Расстрелянных списывали как умерших от тифа. Возможно, что расстрелы по обоим делам и суммировались в общей цифре 300–400 человек. Во всяком случае, раз был А. Н. Колосов – значит, это было ранее его отъезда – поздней осенью 1929 года. Тяжесть человеческих утрат меня давила. Особенно жалко мне было тщедушного Шипчинского – всегда веселого и несгибаемого.

Начальник КВЧ (Культурно-воспитательной части), в которой работал Шипчинский (Трудколония подчинялась КВЧ), перед советским праздником спросил Шипчинского: «Придумай мне лозунг, из которого ясно было бы, что у нас на Соловках делается все для социально близких – рабочих и крестьян». Шипчинский[9] выпалил: «Соловки – рабочим и крестьянам!» Начальник (все тот же Д. В. Успенский) ответил: «Во здорово!» – и приказал писать плакат. Я передаю, конечно, только смысл разговора, о котором рассказывал Шипчинский. Возможно, стрелял в затылок Шипчинского именно Успенский.

А у Шипчинского перед расстрелом возник какой-то роман с молоденькой хромой балериной (ногу ей перебили на следствии). Им удавалось как-то видеться. После трагической гибели Шипчинского мне особенно было жалко их обоих.

Осенью 1931 года один мальчик, работавший в канцелярии ИСЧ (Информационно-следственной части Управления), спросил меня – хочу ли я посмотреть свое «дело». А меня к этому времени упорно не вывозили на материк в Белбалтлаг. Он провел меня поздно вечером в комнату второго этажа Управления, поразившую меня отсутствием окон и сплошь заставленную стеллажами с «делами» заключенных. Он показал мне стандартную (типа школьной) тетрадочку, содержавшую анкетные данные (статья УК, срок и т. п.), но на которой сверху была надпись: «Имел связь с повстанцами на Соловках». «Дела» эти, видимо, сохранились в Петрозаводске. Любопытно было бы взглянуть на эту короткую отметку, чуть не лишившую меня жизни и сделавшую меня «невыездным» на Соловках в течение почти всего 1931 года, когда все мои друзья уже перебрались в Медвежью Гору на строительство Беломоробалтийского канала.

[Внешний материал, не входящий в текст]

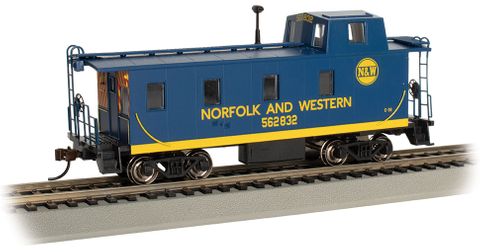 Bachmann, Streamlined Caboose w/Offset Cupola, N/Western #562832, HO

В конце 1929 года на острове вспыхнула вторая эпидемия тифа. Тиф этот был странный. Его фактически не лечили. Камеры, где появлялись больные, запирались до тех пор, пока в них все не умирали. Кипяток и обед подавали через приоткрываемую щель. Театр закрыли: там вповалку лежали больные из общих рот. Когда больной уже начинал терять сознание, к нему подходил санитар, теребил и спрашивал: «Фамилия, фамилия!» Фамилию записывал химическим карандашом на левой руке у кисти, предварительно плюнув на нее. Путаница в делах заключенных появилась страшная. Умиравшие в бреду уползали со своих мест. Шпана с большими сроками менялась фамилиями с умиравшими, у которых сроки были маленькие.

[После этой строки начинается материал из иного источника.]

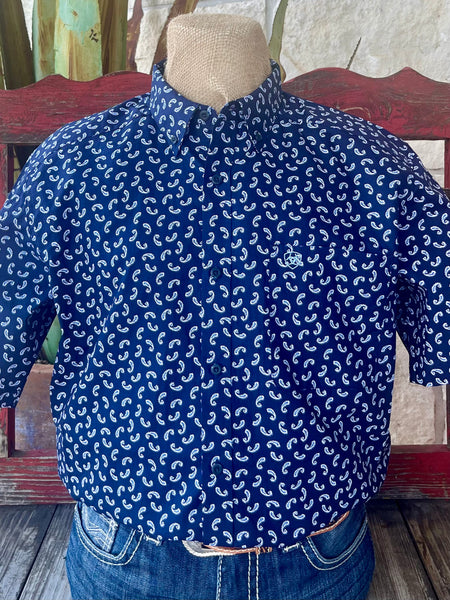 Men’s Ariat casual short-sleeve button-down shirt in navy paisley, 100% breathable cotton for lightweight comfort, with logo-embroidered chest pocket – 10059008. Available at Blair's Western Wear, Marble Falls, TX.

А предположение о том, что «азиатский тиф» был именно чумой, появилось по простой причине: на теле заболевших «азиатским тифом» выступали черные пятна или черные бляшки (я уже забыл, так как сам их не видел: к заболевшим не пускали).

В седьмой роте, где я жил с лета 1929 года, заперта была первая камера слева (окна ее глядели в сторону моря, и там раньше жил Володя Свешников-Кемецкий). В этой камере оказался недавно привезенный молодой писатель-москвич, с которым я успел подружиться. Он выпустил роман, который я уже давно ищу, – не то «Север и Юг», не то «Юг и Север». Он говорил мне, что для России гораздо важнее проблема Юга и Севера, чем Запада и Востока. Он был совершенно здоров, когда кто-то в его камере заболел. Его заперли со всеми, и я переговаривался с ним через дверь. Когда он почувствовал, что умирает, он попросил передать его жене серебряную ложку. Он подсунул ее под дверь. Ложечка была меньше чайной и согнута. Я ее помню лучше, чем его лицо и лицо его жены, вопреки всем правилам лагеря все же приехавшей на Соловки летом 1930 года «на могилу мужа». Могила была одной из ям, и нельзя было даже установить, в какой из них лежит ее муж. Фамилию молодого писателя и название его первой книги я полностью забыл.